## [Information provided]
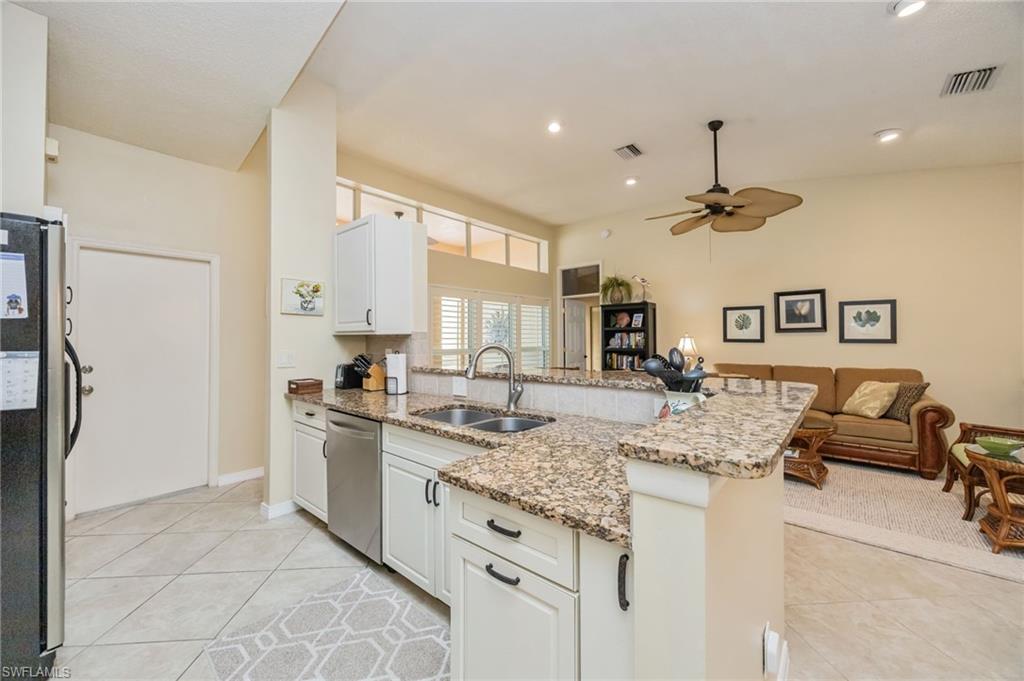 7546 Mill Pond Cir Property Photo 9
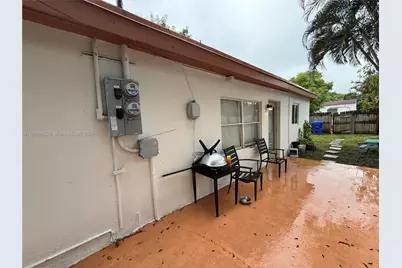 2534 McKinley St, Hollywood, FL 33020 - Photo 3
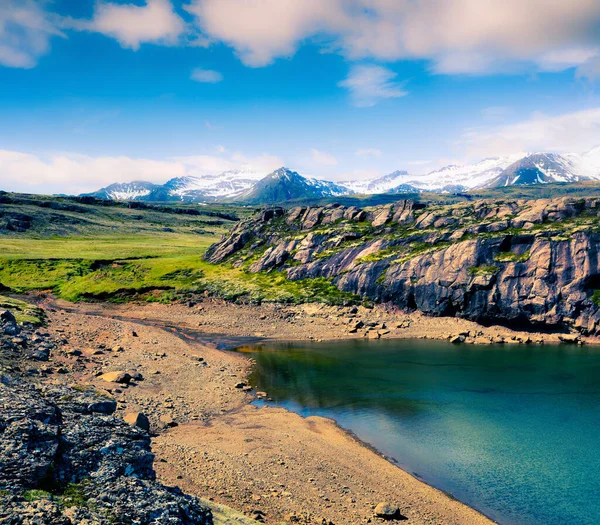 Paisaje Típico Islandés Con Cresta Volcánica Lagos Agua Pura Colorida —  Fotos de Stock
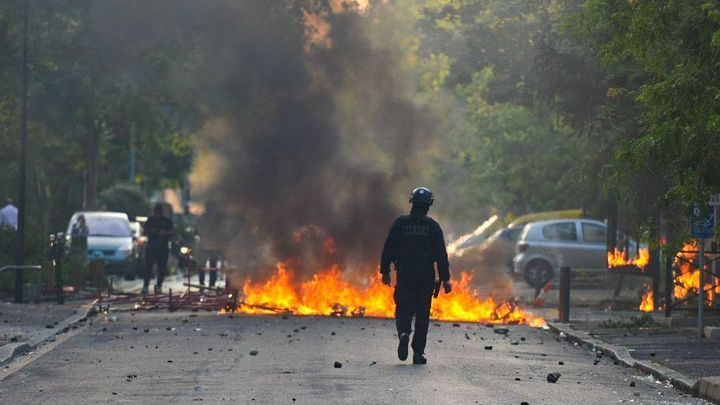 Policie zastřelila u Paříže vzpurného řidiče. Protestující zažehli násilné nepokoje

## [Try it]
From the first line to the last, copy the listing above exactly and leave out the images.

## [Task result]
 7546 Mill Pond Cir Property Photo 9
 2534 McKinley St, Hollywood, FL 33020 - Photo 3
 Paisaje Típico Islandés Con Cresta Volcánica Lagos Agua Pura Colorida —  Fotos de Stock
 Policie zastřelila u Paříže vzpurného řidiče. Protestující zažehli násilné nepokoje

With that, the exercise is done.